The particles' fluffiness suggests that they were shed by much
larger, but unseen snowball-sized objects that had gently collided
with each other. These unseen objects are believed to reside in a
region dubbed the "birth ring," first hypothesized in 2005 by
Berkeley astronomers Linda Strubbe and Eugene Chiang. The ring is
between 3.7 billion and 4.6 billion miles from the star. As the
larger objects bump into each other, they release fluffy particles
that are propelled outward by the intense pressure from starlight.
"We have seen many seeds of planets and we have seen many planets,
but how they go from one to the other is a mystery," said astronomer
James Graham of the University of California at Berkeley and leader
of the Hubble observations. "These observations begin to help us fill
in that gap."
Graham and his colleagues, who include Paul Kalas of the University
of California at Berkeley and Brenda Matthews of the Herzberg
Institute of Astrophysics in Victoria, B.C., presented their results
today (Jan. 7) at the American Astronomical Association meeting in
Seattle, Wash.
The astronomers used the Advanced Camera for Survey's coronagraph and
polarizing filters to analyze the starlight reflecting off the debris
disk.
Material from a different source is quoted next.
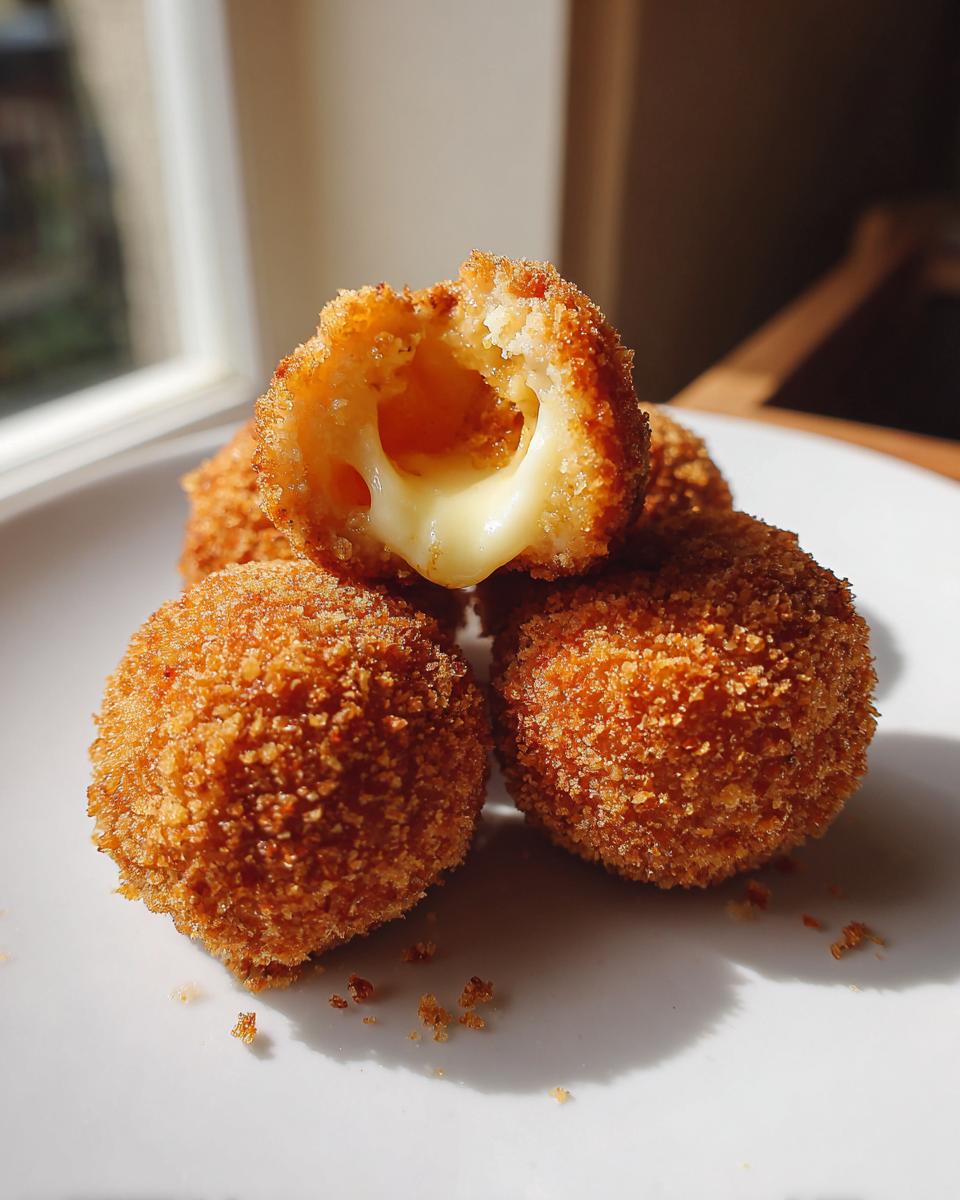 Close-up of four golden brown potato croquettes, one broken open revealing a melted cheese center.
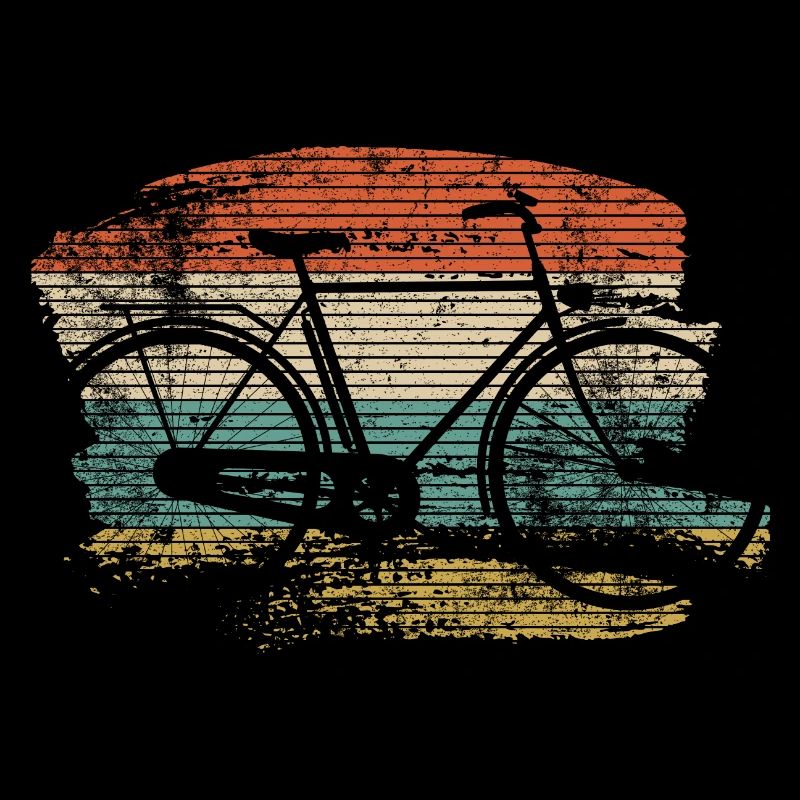 Retro Bicycle Silhouette on Sunset Stripes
The coronagraph blocked out the bright light from the star so
astronomers saw only the reflected light from the nearly edge-on
debris disk.
See: http://hubblesite.org/newscenter/archive/releases/2007/02/full/
.
- Prev by Date: Re: weight = mass or force?
- Next by Date: Re: weight = mass or force?
- Previous by thread: Re: 666 people are knocking on our door.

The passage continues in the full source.